Born in Szeged, Hungary in 1888, Sandor Bánszky was an orphan whose early studies were paid for by his orphanage. Having shown artistic talent in secondary school, he then studied at the stone and clay-craft School of Szekelyudvarhely, earning his bachelor's degree in 1906. He first left Hungary shortly thereafter for a study trip to Munich, and upon returning worked for a while at the famous porcelain factory of Zsolnay in Pecs together with his fellow artist compatriot Josef Csaky. Bánszky then went to Budapest to study at the School of Applied Arts with Geza Maroti, a renowned Hungarian sculptor and artist. There he won several awards, as well as state funding, allowing him to make study trips to Vienna and to Italy in 1909. When he returned to Budapest Bánszky became Assistant Professor of Sculpture at the School of Applied Arts, and was featured in exhibitions at the Fine Arts Society.

In 1913 Bánszky joined Csaky in Paris, then the international center of the modern art movement. Csaky had already been in Paris five years and was well-established in its artistic demimonde. The two artists worked out of Csaky’s studio at the “Ruche” in Montparnasse, a collective of sixty ateliers that housed many important artists of the time. There Bánszky became associated with the likes of Picabia, Duchamp, and de la Fresnaye. Bánszky also had his own studio on the Rue de Vaugirard, where many young artists convened as well. Surrounded by as much artistic talent as he was in Paris, Bánszky likely drew from this wealth of influence, along with what he may have garnered from the Viennese Jugendstil and Italian avant-garde movements.

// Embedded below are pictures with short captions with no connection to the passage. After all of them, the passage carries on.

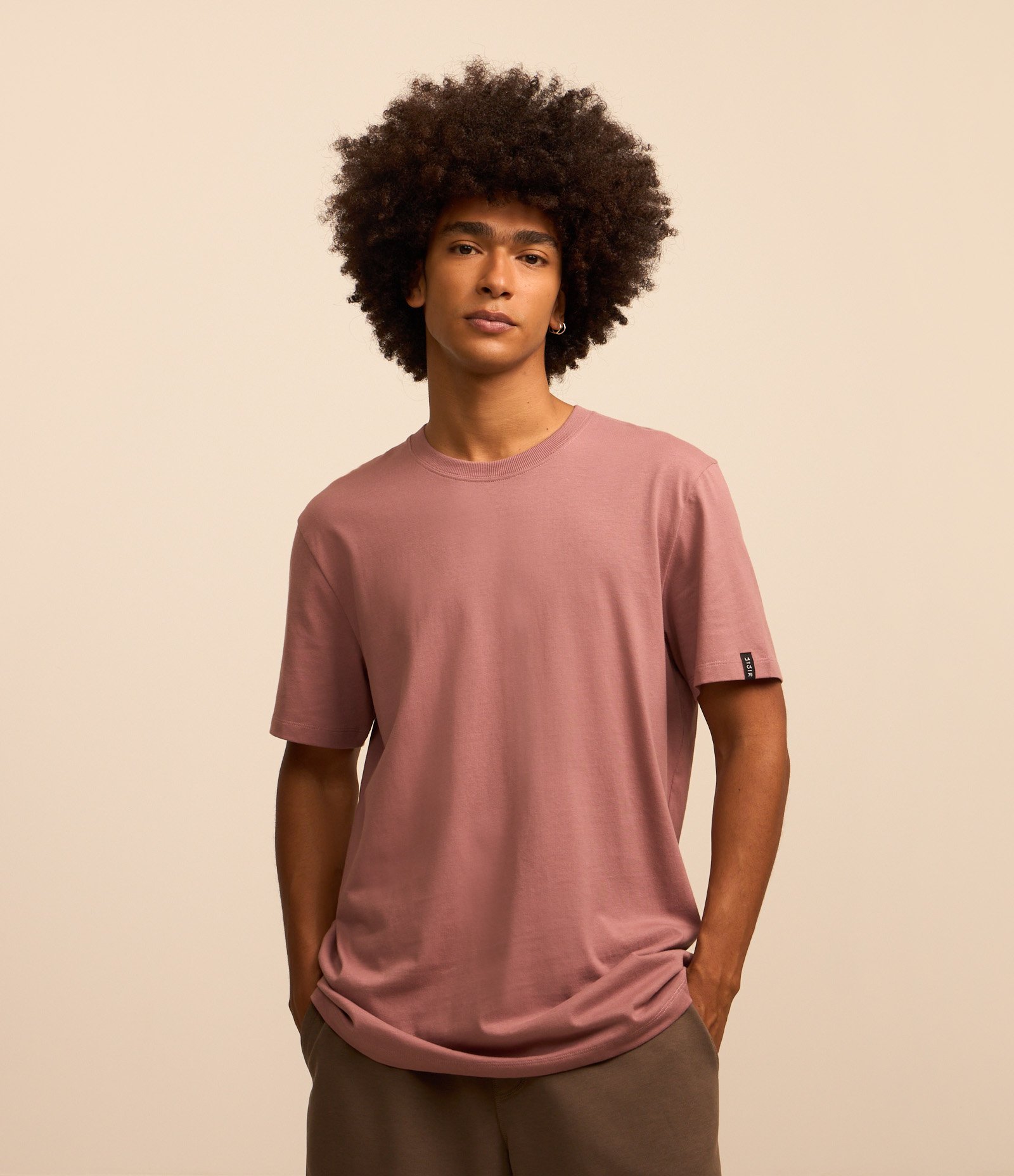 Camiseta Comfort Básica em Malhão com Etiqueta na Manga Rosa Claro 1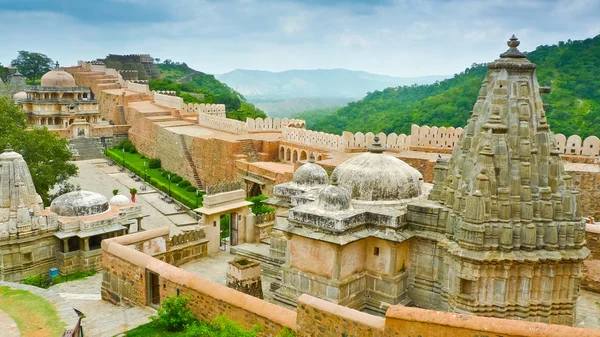 Templos de kumbhalgarh fort — Fotografia de Stock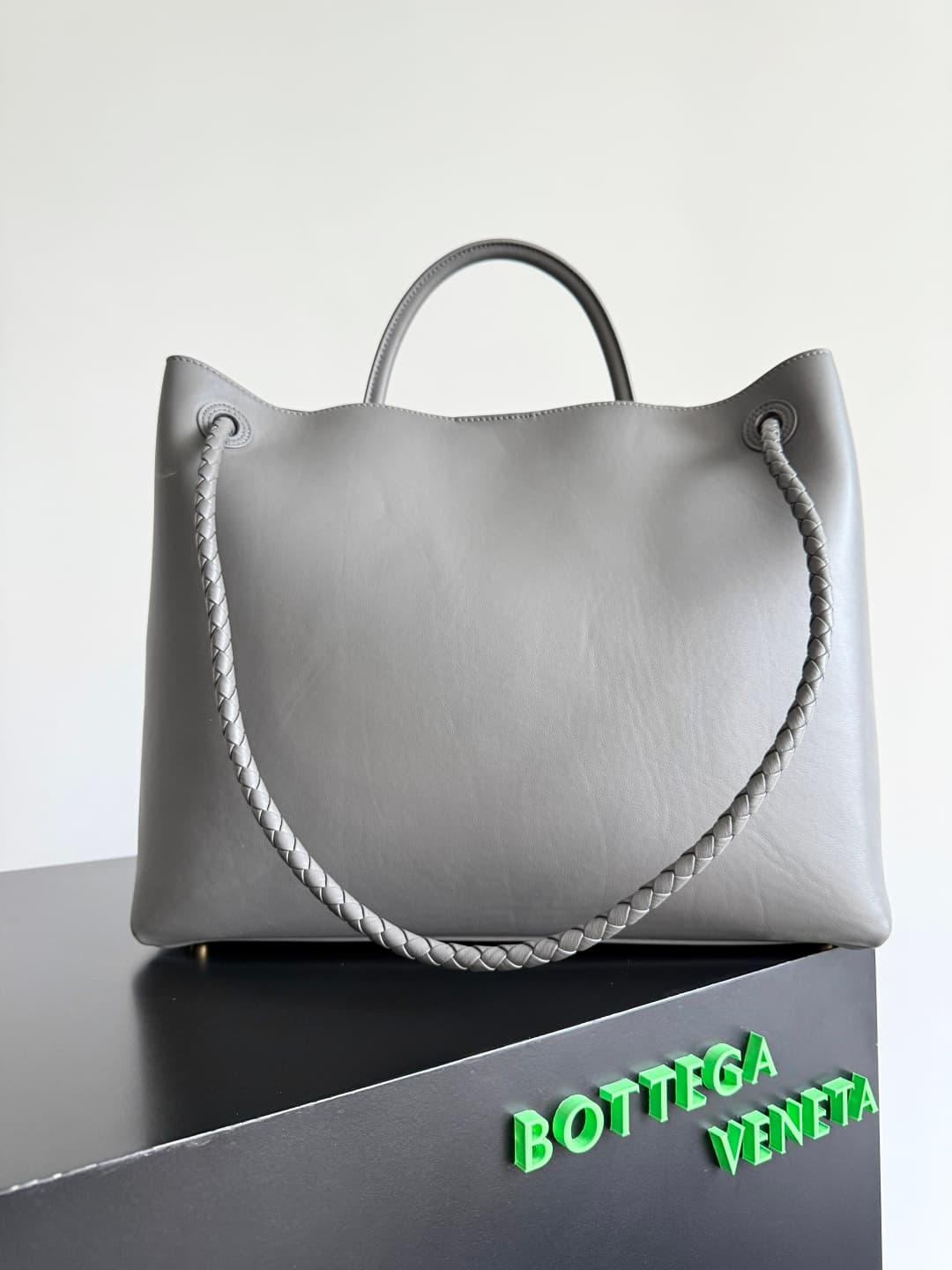 BV Andiamo Large tote bag in grey calfskin leather TOP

In 1914 Bánszky exhibited a plaster portrait at the Salon d'Automne and also showed paintings at the Salon des Indépendants along with Csaky’s. The exhibits garnered him considerable acclaim and citations in the art journals. Ostensibly on the verge of artistic success, Bánszky’s career was abruptly interrupted by World War I (1914-1918). He was taken to the internment camp at Villefranche along with fellow Hungarian sculptor Gyula Szolcsanyi, who had joined him and Csaky in Paris. (Csaky was exempted because he was a French citizen.) During his internment Bánszky managed to produce drawings and sketches, small sculptures, plaquettes and medallions, as well as a cubist plaster head considered one of his masterworks. He also collaborated with Szolcsanyi on a tomb commission for a wealthy French family.

In the fall of 1918, days before the War ended, the camp was hit by the Spanish Flu epidemic, taking Bánszky’s life at age 29. From among Bánzky’s personal belongings, some forty small-scale studies in gypsum survived, many damaged by the war, and went to the Ferenc Mora Museum of Szeged in 1922. The few works that survived from his atelier demonstrate Banszky’s masterful application of constructivist and cubist principles. For example, his monumental bronze sculpture “Bending Figure” (1914), perfectly concretizes the cubist tenets particular to Paris at the time, its forcefulness comparable to that of Raymond Duchamp-Villon’s masterpiece Le Cheval Majeur. Limited as his output was by his tragic demise, Bánszky’s works are nonetheless testaments to an extraordinary talent and profound grasp of geometric design, positioning him if not at the center, then certainly in significant relation to the more famous pioneers of Cubism in prewar Paris - Metzinger, Picasso, Braque, Delaunay, Picabia, and the likes.